II. WHY THEY DID IT. John goes into the whole matter, right down to the bottom of it. There is the reason people themselves would be ready to give, and there is also the real reason deep underneath the surface. People would be quite willing to admit that they dare not risk being put out of the synagogue. To express it in modern language, they would be excommunicated. They would be shut out from certain religious privileges. The doorkeepers of the temple would have orders to turn them away. The Pharisees knew what they were doing when they sent out word that if any man confessed Jesus to be the Christ, he should be put out of the synagogue. Though they could not stop people from believing, they might stop them from confessing. Nothing considerable has ever been done for Jesus without stirring up a nest of hornets. But John knows there is a deeper reason than the fear of excommunication. Our attitude to Jesus is determined as much by what we love as by what we fear. Those who believed and did confess were drawn to Jesus by an irresistible affection. The same excommunication hung over them, but it did not deter. The disciples might not yet have come to the perfect love that casts out fear; but they knew this much - that faithful fellowship with Jesus was a pearl of great price, worthy to be kept, though in the keeping all visible possessions and temporal interests had to be surrendered. Love, not fear, must rule in our hearts, if we are to keep faithful to Jesus. Jesus himself was always above the threatenings of men, and he must lift his followers to the same elevation. When we really love Jesus, nothing can separate him from our love. Threats operating powerfully upon the man of this world never move the Christian.
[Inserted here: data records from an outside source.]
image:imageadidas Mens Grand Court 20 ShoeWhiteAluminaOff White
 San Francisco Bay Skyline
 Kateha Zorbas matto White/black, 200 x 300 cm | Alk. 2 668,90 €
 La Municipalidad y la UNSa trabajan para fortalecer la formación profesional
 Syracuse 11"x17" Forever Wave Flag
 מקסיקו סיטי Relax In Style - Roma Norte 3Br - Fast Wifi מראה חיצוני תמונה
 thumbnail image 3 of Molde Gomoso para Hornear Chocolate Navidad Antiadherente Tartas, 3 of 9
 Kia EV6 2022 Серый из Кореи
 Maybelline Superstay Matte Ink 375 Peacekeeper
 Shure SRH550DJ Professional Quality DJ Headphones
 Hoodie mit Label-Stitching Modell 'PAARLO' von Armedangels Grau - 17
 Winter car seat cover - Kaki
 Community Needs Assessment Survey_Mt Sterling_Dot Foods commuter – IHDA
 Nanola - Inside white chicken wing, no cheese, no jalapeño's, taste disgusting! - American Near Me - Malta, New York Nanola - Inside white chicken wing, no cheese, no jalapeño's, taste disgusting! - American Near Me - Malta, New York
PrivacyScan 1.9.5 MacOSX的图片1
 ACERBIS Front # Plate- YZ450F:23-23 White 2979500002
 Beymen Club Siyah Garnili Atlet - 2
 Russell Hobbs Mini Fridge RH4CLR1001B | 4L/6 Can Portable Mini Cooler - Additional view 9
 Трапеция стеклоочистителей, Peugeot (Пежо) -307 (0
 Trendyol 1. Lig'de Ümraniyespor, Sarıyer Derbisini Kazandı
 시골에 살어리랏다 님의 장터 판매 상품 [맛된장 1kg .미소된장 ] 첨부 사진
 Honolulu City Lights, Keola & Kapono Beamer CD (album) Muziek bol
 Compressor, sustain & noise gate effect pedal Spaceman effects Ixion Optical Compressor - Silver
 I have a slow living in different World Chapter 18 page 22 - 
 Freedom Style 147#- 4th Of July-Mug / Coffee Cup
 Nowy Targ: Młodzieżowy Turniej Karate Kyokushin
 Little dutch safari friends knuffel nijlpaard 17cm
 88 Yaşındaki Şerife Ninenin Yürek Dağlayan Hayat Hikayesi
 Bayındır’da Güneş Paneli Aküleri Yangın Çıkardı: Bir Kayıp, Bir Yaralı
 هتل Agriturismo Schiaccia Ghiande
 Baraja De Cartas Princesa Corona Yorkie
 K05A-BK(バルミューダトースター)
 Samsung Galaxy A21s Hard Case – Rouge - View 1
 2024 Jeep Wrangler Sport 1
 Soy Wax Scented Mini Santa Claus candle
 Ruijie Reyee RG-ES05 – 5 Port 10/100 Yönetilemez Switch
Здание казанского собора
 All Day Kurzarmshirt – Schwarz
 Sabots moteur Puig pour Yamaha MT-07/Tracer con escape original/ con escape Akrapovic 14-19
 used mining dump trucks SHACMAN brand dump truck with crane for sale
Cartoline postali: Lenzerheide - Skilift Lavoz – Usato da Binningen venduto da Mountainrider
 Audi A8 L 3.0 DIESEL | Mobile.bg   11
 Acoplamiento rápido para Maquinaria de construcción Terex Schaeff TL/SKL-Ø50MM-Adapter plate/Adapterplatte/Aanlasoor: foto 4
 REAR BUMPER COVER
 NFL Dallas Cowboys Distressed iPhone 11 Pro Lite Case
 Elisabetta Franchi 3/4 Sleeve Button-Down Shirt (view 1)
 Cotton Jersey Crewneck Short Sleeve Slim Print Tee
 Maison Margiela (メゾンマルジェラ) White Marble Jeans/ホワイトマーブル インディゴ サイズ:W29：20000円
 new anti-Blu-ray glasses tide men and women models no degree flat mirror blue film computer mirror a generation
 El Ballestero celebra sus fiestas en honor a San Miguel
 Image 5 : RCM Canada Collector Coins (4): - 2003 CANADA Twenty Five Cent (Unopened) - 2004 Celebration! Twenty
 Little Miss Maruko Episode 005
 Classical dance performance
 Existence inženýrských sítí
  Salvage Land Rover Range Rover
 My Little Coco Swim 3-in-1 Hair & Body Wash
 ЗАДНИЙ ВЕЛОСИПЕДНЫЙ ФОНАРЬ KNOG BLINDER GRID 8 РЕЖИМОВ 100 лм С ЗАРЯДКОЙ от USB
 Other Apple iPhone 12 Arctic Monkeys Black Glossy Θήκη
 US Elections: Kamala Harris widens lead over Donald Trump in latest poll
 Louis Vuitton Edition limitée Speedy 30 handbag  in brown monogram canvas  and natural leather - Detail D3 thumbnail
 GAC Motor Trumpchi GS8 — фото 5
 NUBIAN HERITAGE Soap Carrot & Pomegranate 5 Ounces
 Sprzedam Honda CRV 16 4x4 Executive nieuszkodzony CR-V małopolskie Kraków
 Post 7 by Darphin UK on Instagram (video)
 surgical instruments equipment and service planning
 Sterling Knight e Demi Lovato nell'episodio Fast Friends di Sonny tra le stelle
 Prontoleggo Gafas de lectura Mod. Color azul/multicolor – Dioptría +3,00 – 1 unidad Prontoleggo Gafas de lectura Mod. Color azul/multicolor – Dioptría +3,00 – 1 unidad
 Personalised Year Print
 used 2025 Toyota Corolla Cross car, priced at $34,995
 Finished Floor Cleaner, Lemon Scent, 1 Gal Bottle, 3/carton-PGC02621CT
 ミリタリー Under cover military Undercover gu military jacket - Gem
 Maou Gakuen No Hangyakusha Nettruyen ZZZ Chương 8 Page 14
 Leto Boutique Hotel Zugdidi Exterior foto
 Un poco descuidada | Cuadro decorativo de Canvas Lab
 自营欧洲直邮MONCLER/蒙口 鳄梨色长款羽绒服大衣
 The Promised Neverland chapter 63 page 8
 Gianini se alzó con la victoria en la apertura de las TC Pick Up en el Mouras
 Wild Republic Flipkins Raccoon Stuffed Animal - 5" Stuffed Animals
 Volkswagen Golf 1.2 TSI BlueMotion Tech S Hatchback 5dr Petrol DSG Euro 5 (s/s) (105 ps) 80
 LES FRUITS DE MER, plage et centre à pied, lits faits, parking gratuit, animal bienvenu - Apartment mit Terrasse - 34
III. THE RESULTS OF THIS SMOTHERED CONFESSION. Some present gain, but an incomparable future loss. The evil day has only been put off, to be more evil than ever. What most who hear the gospel need is courage and decision. And those who do confess had better look into things, and make sure that their confession is grounded in reality. It must not be a mere external and temporary consequence from the gregarious nature of mankind. We never can know the abiding gain without being ready for the passing loss. - Y.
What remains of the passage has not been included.